When the UDP was established in September of 1973, Dean Lindo’s People’s Development Movement (PDM) may have served as a kind of bridge between Mr. Goldson’s NIP (Her Majesty’s Loyal Opposition) and the new Liberals, who were leaderless. Lindo had been an NIP who challenged Mr. Goldson for leadership in 1969, lost, and left to form the PDM.

Mr. Esquivel defeated Mr. Lindo and Mr. Goldson in a three-way race to become UDP Leader in January of 1983. Even though Rt. Hon. Dean Barrow is Dean Lindo’s nephew, and although PUP leaders were convinced that he was working against Mr. Esquivel’s leadership in the interests of Mr. Lindo, the first UDP Leader who became UDP Chairman in 1983, in my private conversations with Mr. Barrow between 1983 and 1986 say, he always insisted that he preferred Mr. Esquivel to Mr. Lindo. In the present UDP configuration, PDM thinking would perhaps be represented by Housing Minister Michael Finnegan, who is very close to Prime Minister Barrow but remains loyal to Mr. Lindo.

The strangest thing about the present UDP is the now consistently expressed thinking of Foreign Affairs Minister Sedi Elrington. The Elrington family was hardline “No Guatemala” NIP in the 1960s, but Sedi is definitely not now representing the views of the late Mr. Goldson. It should be noted that in the 2016 UDP it is only Mr. Sedi whose history can be traced back to the NIP Sixties. All the rest, such as Patrick Faber and Boots Martinez, are new kids on the block.

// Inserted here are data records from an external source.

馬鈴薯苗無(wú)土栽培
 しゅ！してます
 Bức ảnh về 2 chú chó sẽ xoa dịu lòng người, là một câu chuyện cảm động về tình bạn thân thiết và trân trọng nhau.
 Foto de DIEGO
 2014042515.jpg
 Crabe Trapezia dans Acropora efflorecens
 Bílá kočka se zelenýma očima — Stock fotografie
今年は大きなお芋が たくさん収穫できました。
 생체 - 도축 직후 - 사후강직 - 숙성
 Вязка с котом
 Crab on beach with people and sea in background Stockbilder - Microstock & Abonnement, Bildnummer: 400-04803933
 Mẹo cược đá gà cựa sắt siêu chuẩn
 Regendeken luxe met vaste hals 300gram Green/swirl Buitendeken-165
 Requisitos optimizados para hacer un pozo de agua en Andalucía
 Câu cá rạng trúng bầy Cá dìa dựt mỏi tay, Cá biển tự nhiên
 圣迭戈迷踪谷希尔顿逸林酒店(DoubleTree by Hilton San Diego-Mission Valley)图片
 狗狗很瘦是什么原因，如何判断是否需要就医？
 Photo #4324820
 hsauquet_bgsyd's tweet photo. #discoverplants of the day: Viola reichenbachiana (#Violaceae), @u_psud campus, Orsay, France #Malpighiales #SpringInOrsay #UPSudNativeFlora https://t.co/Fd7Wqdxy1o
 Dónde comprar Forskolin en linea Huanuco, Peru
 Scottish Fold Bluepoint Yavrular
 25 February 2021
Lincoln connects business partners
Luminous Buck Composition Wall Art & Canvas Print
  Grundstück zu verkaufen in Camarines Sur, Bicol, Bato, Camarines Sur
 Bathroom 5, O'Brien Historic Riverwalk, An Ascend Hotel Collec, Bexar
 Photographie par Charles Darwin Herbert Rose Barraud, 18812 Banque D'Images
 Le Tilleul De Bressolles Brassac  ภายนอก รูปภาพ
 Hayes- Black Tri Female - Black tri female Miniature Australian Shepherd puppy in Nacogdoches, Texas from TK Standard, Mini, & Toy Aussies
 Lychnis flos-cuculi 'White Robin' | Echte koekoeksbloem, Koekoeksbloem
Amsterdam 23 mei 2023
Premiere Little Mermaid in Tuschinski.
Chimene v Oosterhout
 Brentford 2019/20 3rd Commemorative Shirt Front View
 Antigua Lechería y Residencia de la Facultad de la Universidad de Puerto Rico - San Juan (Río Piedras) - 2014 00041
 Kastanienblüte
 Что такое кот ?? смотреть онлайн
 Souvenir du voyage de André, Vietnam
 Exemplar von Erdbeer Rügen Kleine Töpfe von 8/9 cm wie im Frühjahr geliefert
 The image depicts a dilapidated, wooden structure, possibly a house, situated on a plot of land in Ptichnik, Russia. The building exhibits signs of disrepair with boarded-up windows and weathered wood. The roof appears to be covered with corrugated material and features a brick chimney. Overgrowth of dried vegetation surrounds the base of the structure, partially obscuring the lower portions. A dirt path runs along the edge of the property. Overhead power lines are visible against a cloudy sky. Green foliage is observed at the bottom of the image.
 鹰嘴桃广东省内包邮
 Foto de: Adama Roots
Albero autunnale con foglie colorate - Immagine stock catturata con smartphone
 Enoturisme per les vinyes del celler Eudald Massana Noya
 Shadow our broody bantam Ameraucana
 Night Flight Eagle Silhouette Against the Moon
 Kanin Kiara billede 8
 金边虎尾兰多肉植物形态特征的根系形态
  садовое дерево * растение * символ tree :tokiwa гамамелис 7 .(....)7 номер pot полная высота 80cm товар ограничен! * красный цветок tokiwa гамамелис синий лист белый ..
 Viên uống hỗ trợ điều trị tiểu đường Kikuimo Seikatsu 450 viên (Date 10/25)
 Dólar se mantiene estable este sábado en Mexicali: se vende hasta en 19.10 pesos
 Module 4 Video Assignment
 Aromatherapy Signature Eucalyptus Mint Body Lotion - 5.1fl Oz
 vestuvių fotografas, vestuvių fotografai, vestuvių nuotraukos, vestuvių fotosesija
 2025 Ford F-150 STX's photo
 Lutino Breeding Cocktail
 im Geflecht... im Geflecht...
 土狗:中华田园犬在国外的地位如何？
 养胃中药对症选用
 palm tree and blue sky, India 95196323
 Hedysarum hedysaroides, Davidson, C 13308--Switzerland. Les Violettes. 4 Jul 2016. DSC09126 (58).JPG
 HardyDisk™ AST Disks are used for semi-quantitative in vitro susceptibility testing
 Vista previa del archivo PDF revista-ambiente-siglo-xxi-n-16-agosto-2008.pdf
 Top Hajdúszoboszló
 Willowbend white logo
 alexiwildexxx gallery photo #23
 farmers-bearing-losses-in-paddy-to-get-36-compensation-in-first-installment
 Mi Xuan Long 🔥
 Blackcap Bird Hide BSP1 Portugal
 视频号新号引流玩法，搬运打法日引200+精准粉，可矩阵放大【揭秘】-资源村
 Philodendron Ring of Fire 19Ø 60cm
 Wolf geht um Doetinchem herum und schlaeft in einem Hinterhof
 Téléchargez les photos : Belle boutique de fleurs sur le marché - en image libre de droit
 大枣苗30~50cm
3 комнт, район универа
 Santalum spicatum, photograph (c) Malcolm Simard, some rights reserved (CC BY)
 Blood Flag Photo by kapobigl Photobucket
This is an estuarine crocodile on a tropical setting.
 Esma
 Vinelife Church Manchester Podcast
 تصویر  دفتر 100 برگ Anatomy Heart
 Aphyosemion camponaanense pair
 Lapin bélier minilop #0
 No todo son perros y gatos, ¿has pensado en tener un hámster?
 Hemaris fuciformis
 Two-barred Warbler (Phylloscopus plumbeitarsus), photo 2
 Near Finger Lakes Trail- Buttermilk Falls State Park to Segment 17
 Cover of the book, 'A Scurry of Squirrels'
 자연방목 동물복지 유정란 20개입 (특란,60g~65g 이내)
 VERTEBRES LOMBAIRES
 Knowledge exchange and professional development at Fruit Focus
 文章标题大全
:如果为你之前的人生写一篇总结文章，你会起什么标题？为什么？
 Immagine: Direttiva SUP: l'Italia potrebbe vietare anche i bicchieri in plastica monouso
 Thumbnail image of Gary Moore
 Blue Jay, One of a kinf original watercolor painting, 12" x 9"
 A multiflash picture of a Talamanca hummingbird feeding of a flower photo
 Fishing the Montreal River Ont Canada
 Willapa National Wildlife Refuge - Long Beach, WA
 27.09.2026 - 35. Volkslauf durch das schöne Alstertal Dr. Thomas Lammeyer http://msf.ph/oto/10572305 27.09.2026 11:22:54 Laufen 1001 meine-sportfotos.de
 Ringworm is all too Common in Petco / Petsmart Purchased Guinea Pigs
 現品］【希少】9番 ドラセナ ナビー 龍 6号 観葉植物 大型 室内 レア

And, where our national ethnic and color landscape is involved, one difference between 1956 and 2016 is that now we have a Maya presence. Now, we have Garinagu instead of Caribs. We have a significant, landed white American element. Now the Mennonites are large. And now, the Creoles have dwindled to a precious few. The one constant is that we are as divided as we ever were. I’m just saying.